Journal of Book of Mormon Studies


Arno Schmidt, commentators, The Book of Mormon, modernist text


Arno Schmidt (1914-1979) was one of the most important, prolific, and original of postwar German authors. His magnum opus, Zettels Traum (1970), appeared in 1,360 large-font, signed typescript copies that each weighed 12 kilos and resembled another intimidating modernist text, James Joyce's Finnegans Wake, in its experiments with genre, fascinating density, multilingual citations, jokey allusiveness, and mythic grandeur. Like Joyce, Schmidt pushed boundaries of all kinds and sometimes got into hot water with those who found his writings sexually and religiously indecent.

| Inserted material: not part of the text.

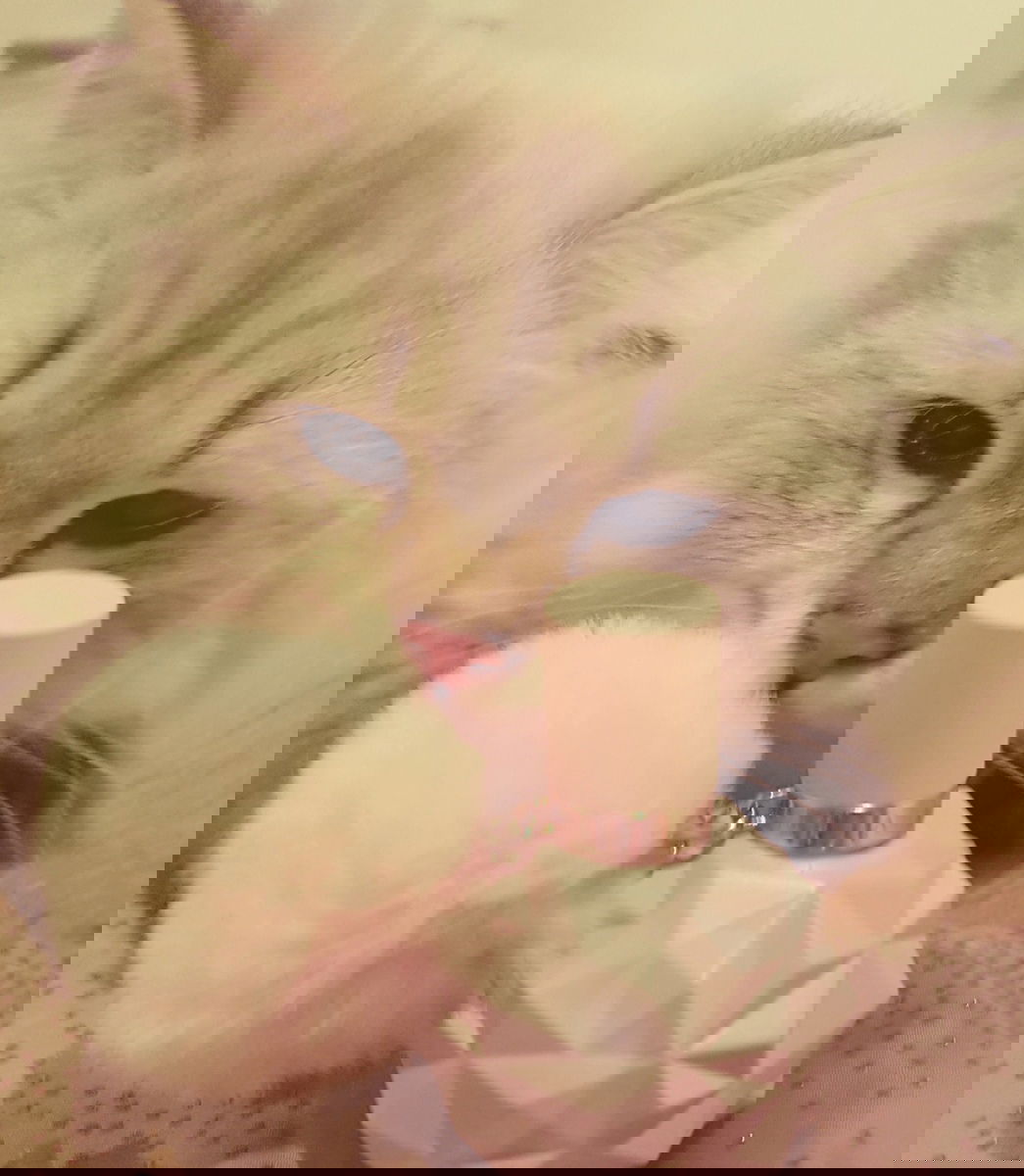 Fettes/Das die immer stören müssen beim Fotos machen...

As an author, his work is hard to classify; he is sometimes called an "avant-garde traditionalist:' In personal belief, he was an atheist, though one who was curious about the many forms that belief can take; he opens his essay on the Book of Mormon, for instance, by confessing his soft spot for holy books. A fierce critic of both West and East Germany, he was politically neither a Marxist, nor a social democrat, nor a straight-up conservative, though his attacks on mass society and choice to live his last two decades in relative isolation in a remote hamlet in Lower Saxony have led some critics to detect conservative sympathies. But he was also a clear anti-Nazi and was disgusted at what his country had done. Perhaps by living in a remote spot with his wife, Alice, also a writer whose work was not appreciated until later, he simply wanted to maintain his artistic integrity and stay aloof from the cultural establishment. By any account, he was a lone wolf, anxious not to be pinned down.